New Power Soul, on the other hand, is by far the most consistent album the Artist has released since the much-maligned, streamlined Batman soundtrack. Thankfully, it's also far better than that effort: leaving the soundtrack's stripped-down tone behind, NPS is a full-blown funk jam, notably light on guitars and heavy on thickly-textured grooves.
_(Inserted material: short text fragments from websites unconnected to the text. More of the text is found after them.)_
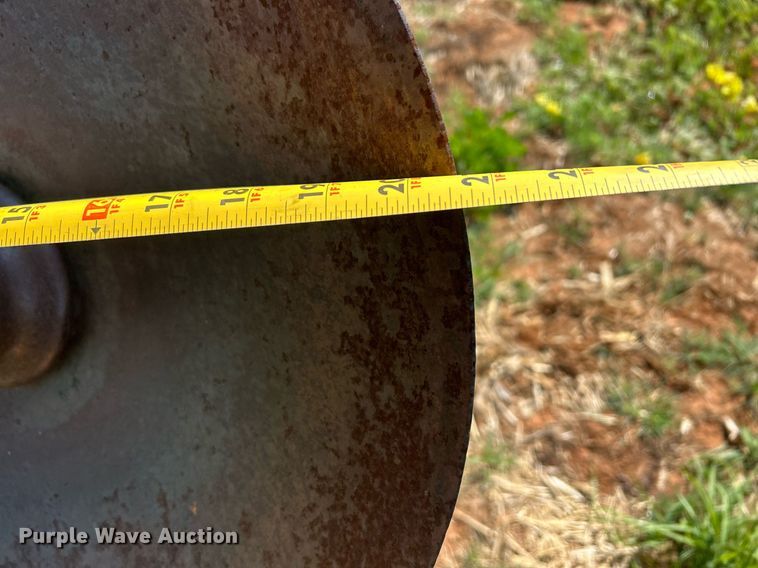 image for item EC1390 John Deere 220 tandem disk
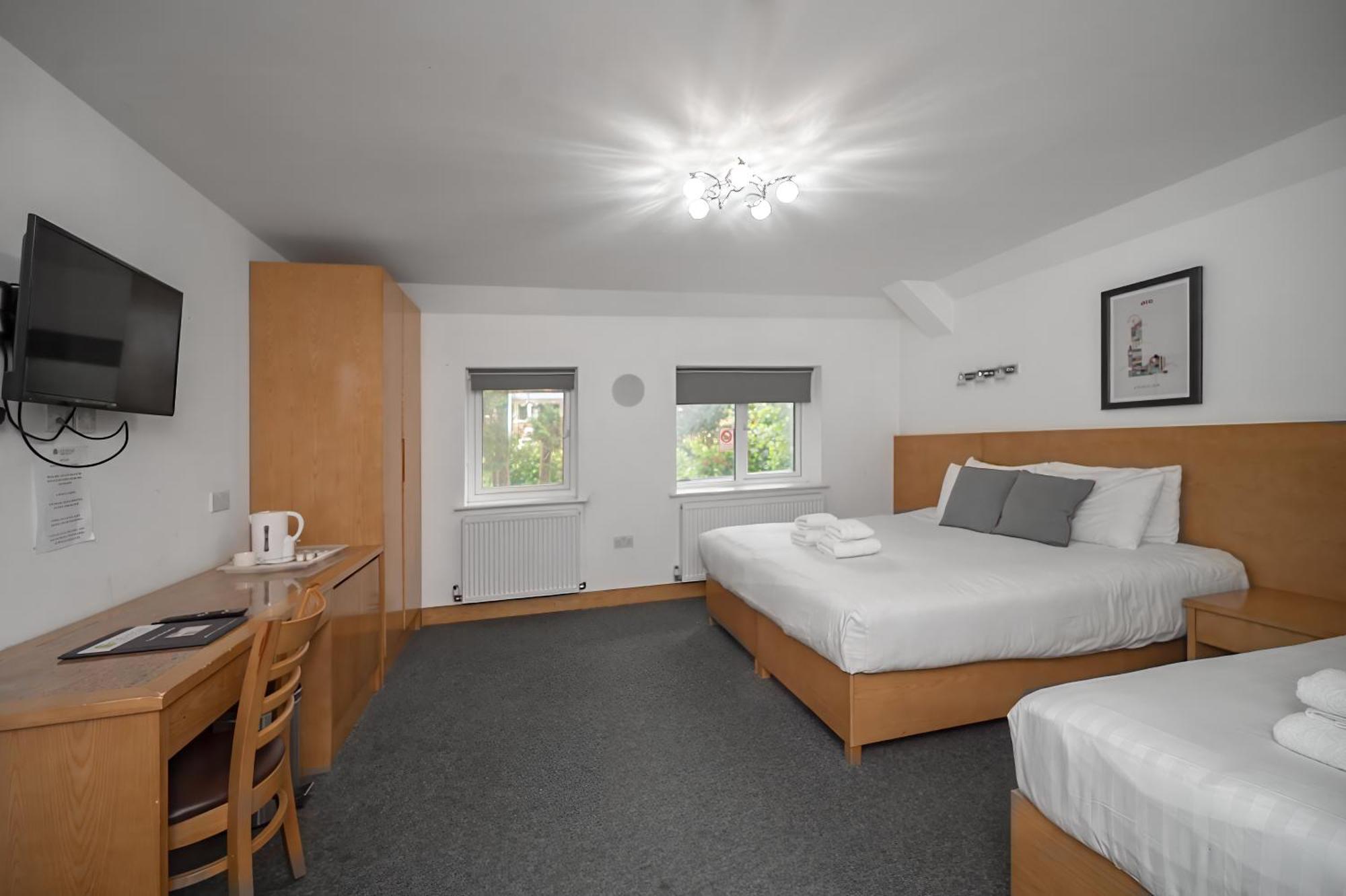 Flexistay Aparthotel Sutton Sutton  Extérieur photo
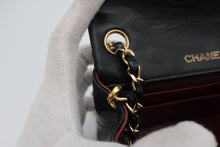 Load image into Gallery viewer, CHANEL Mini Matelasse Single Flap Chain shoulder bag Lambskin Black/Gold hardware Shoulder bag 800090239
Straddling sublime balladry, roof-raising anthems and purely danceable funk, New Power Soul states its aims succinctly on the title track: "Keepin' the crowd movin' is my one and only duty, with the New Power Soul." The Artist approaches his task with his trademark cocky smile and the jams to back it up, dishing out what may well be the party record of the year. Between grinding grooves like the hilariously self-explanatory "Mad Sex" and the brilliant, Camille-esque "Come On" (probably the most sublimely sexy song he's done since "If I Was Your Girlfriend"), as well as four-on-the-floor late-night stompers like "Push It Up!", "Freaks On This Side" and "Funky Music," you can almost picture the empty wine bottles and stray underwear scattered around your house the next morning. The goose-bump-inducing ballads include an almost-saccharine-but-still-beautiful "The One," and a song that will surely wind up on a million "Please-don't-break-up-with-me" tapes, the swooning "Until You're In My Arms Again."
And then there's the extra track (skip to #49), the only song here that hearkens back to the days of Prince: the creepily romantic "Wasted Kisses," about someone who's dead. Real dead.
This is not the record that "Prince fans" have been dying for. There's little here resembling oblique spirituality, complex musicality or ego-stroking personality. And, well, Doug E. Fresh is on two tracks. But it's still a hell of a record, one that is just about perfect for Jeep-jamming all summer. And, for those searching for a reason to listen to The Artist in 1998, this album should just about do it for you, because, as with everything else he's done, it's always better than what's out there now. In the end, people just gotta remember who he is, and what he's meant to music for so many years, and they'll groove on his latest. Like the lyric for "Come On" goes: "I got the butter for your muffin, I just need the keys to your room."